GDP growth for the April-June quarter last year (FY’18) came in at 5.6% (revised downward from 5.7%). The favourable base effect this time around has prompted economists to caution that 8%-plus growth doesn’t seem likely for the net three quarters.

“The numbers are pretty solid and mostly driven by public investment and higher consumption, especially, in the rural-end with this being a pre-election year,” said Shashank Mendiratta, India Economist, ANZ Bank told Reuters.

“This is probably the best GDP trend we have seen in the first half helped by a favourable base. Going ahead, I expect the growth rate to be moderate as private investment is unlikely to grow at a faster rate due to stressed assets. Private consumption grew at its fastest rate since demonetisation,” Mendiratta added.

In the fourth quarter of 2017-18, GDP growth was at 7.7%. 

Axis Bank chief economist Saugato Bhattacharya, who correctly predicted 8.2% growth, has also indicated that this “high growth is unlikely to sustain”.

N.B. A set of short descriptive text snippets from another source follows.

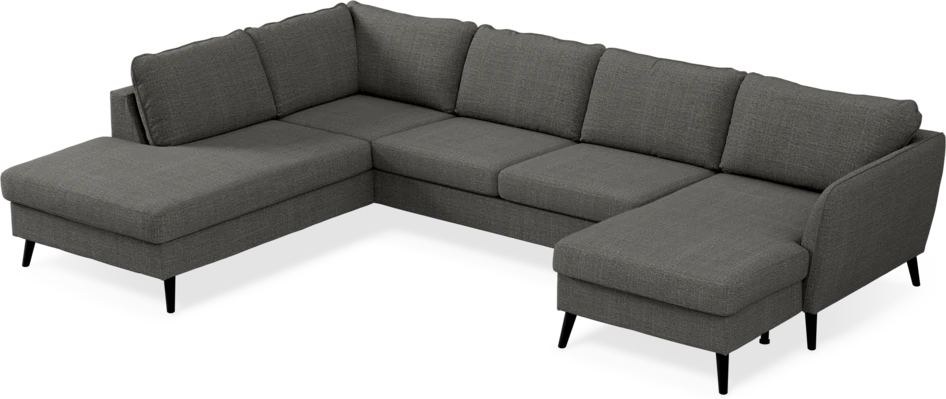 County - 3-sits soffa med divan vänster och schäslong höger - Grå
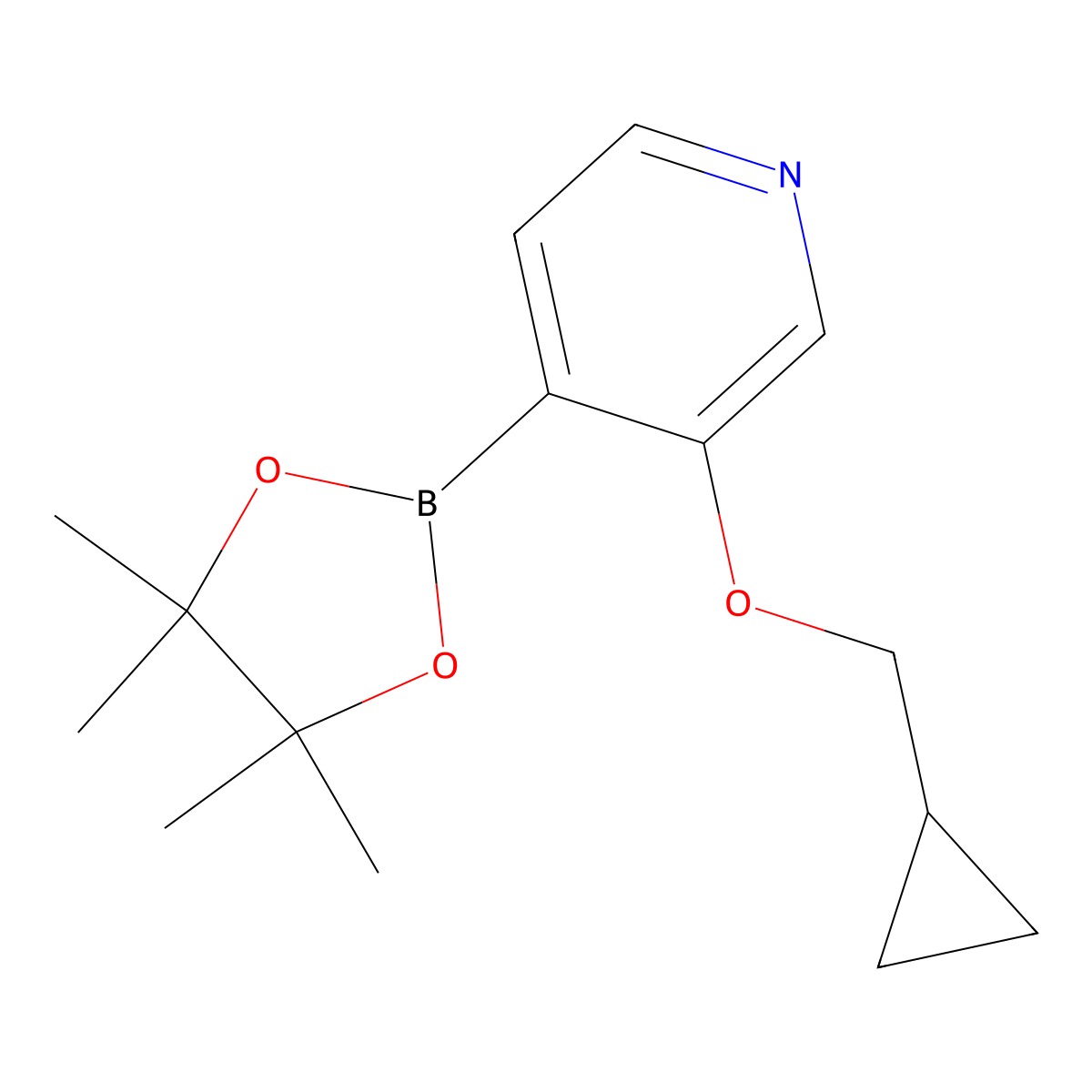 3-(Cyclopropylmethoxy)-4-(4,4,5,5-tetramethyl-1,3,2-dioxaborolan-2-YL)pyridine molecular structure, CAS 1610521-15-7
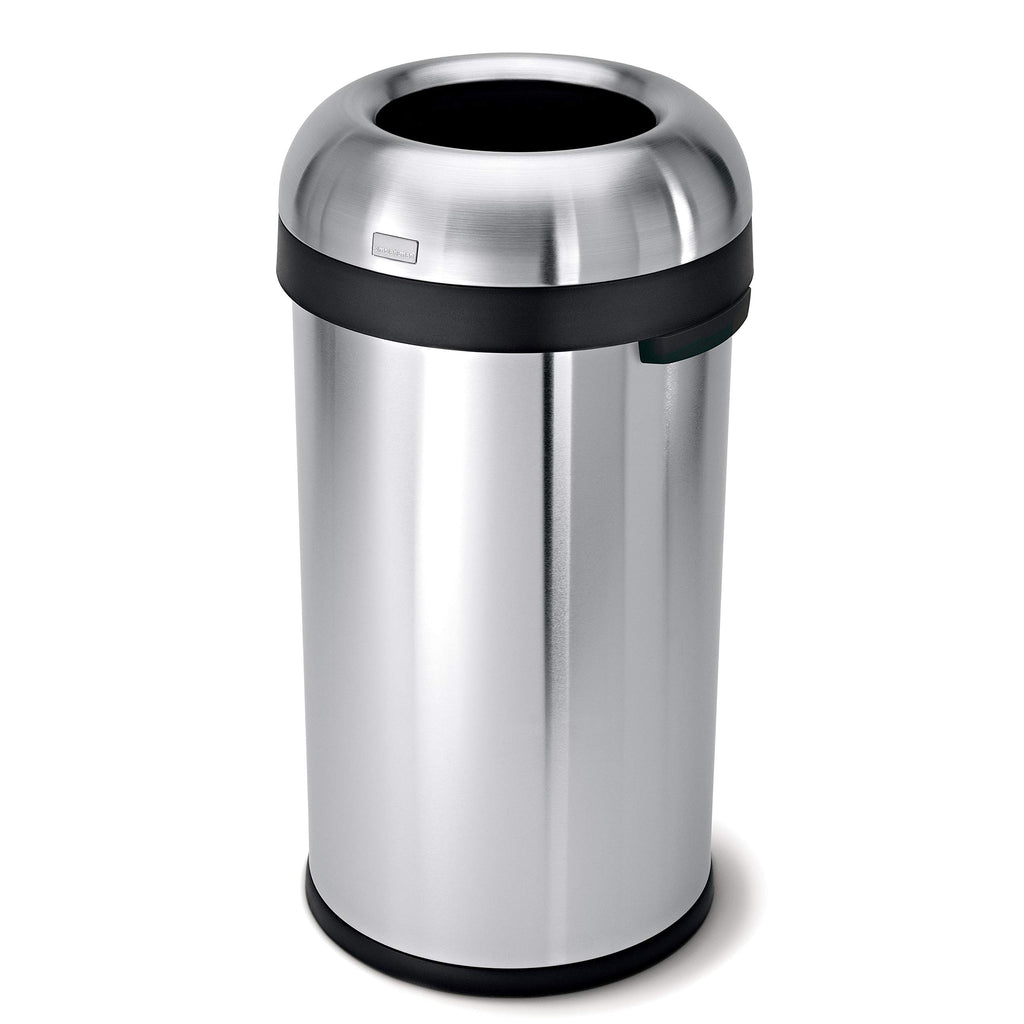 simplehuman 60 Liter / 16 Gallon Bullet Open Top Trash Can, Commercial Grade Heavy Gauge, Brushed Stainless Steel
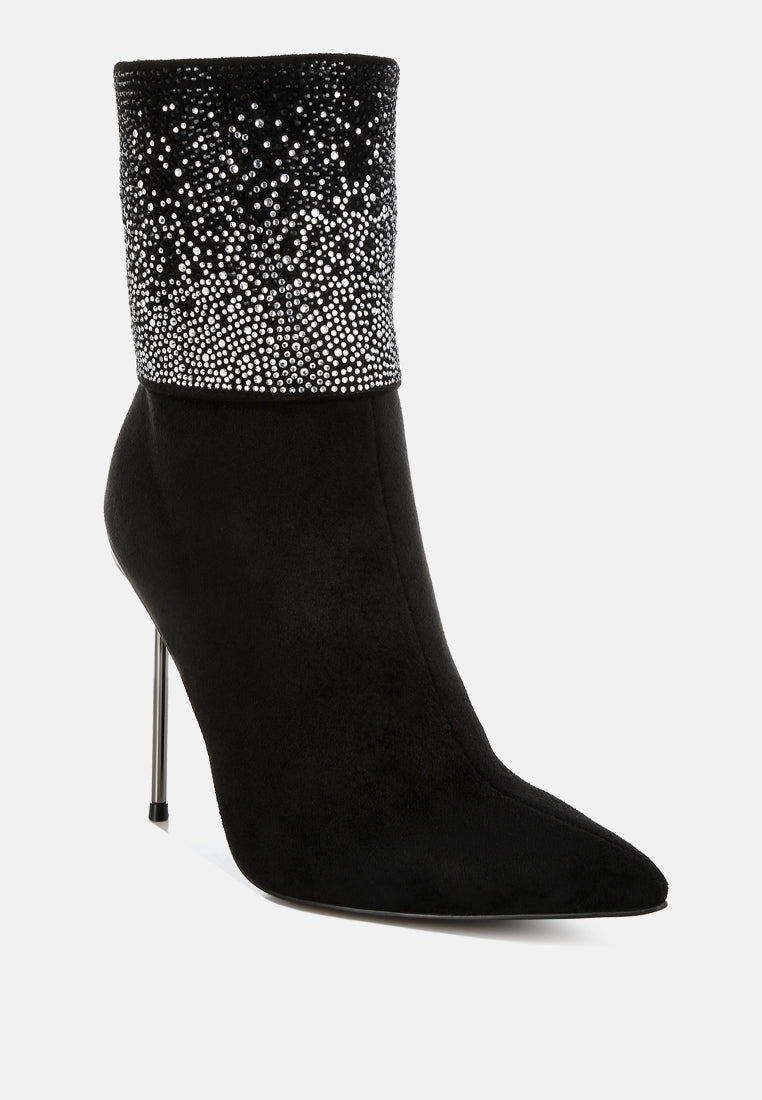rhinestones embellished foldover boots#colour_black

“This high growth is unlikely to sustain, and will fall to around 7.2%  in the remaining three quarters of FY’19. Much of the deceleration is also due to base effects. FY’19 growth forecast is 7.4%,” he said in a note on Friday morning.

Manufacturing, construction and agriculture boost

Another measure of  growth, this one in gross-value added (GVA) terms, showed the Indian economy growing at 8% compared to 5.6% last year. As The Wire has pointed out, GVA has over the last few years become a more important measure of economic growth as it removes the impact of subsidies and indirect taxes.

While a positive base effect has helped growth, other key economic parameters on a GVA basis showed strength as well, especially in sectors such as manufacturing and construction.

For instance, the manufacturing sector grew at 13.5% in the June quarter compared to -1.8% last year.

The agriculture sector grew at 5.3% compared to 3%  last year, while construction also saw a healthy bump (8.7% compared to 1.8% last year).

Of particular importance is also a key growth factor called ‘private consumption expenditure’, which grew at 8.5%, the fastest in any quarter since demonetisation.

Private and government expenditures together contributed nearly 67% of the GDP during the April-June quarter.

Another important metric to watch for private investment – gross fixed capital formation (GFCF) – accounted for 31.6% of GDP during the quarter, higher than 31% in the same period last year.